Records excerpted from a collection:

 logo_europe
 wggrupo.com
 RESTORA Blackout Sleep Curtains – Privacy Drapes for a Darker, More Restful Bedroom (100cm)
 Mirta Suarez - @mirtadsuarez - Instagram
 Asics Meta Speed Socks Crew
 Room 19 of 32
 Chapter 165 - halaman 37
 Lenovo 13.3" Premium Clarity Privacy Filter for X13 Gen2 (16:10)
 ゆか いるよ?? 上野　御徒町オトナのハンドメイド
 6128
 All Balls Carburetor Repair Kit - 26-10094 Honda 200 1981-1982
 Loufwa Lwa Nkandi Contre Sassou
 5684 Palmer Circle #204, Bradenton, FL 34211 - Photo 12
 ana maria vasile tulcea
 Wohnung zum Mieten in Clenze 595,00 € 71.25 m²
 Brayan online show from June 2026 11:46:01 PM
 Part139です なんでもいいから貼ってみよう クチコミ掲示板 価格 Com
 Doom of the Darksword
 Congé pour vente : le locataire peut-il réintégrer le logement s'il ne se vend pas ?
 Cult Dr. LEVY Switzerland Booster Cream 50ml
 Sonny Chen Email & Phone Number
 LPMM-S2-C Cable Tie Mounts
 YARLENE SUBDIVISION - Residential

* _WHAT THE EXERCISE ASKS_
Wherever the word "Privacy" occurs in the data above, copy the line it sits in.

* _WORKED SOLUTION_
 RESTORA Blackout Sleep Curtains – Privacy Drapes for a Darker, More Restful Bedroom (100cm)
 Lenovo 13.3" Premium Clarity Privacy Filter for X13 Gen2 (16:10)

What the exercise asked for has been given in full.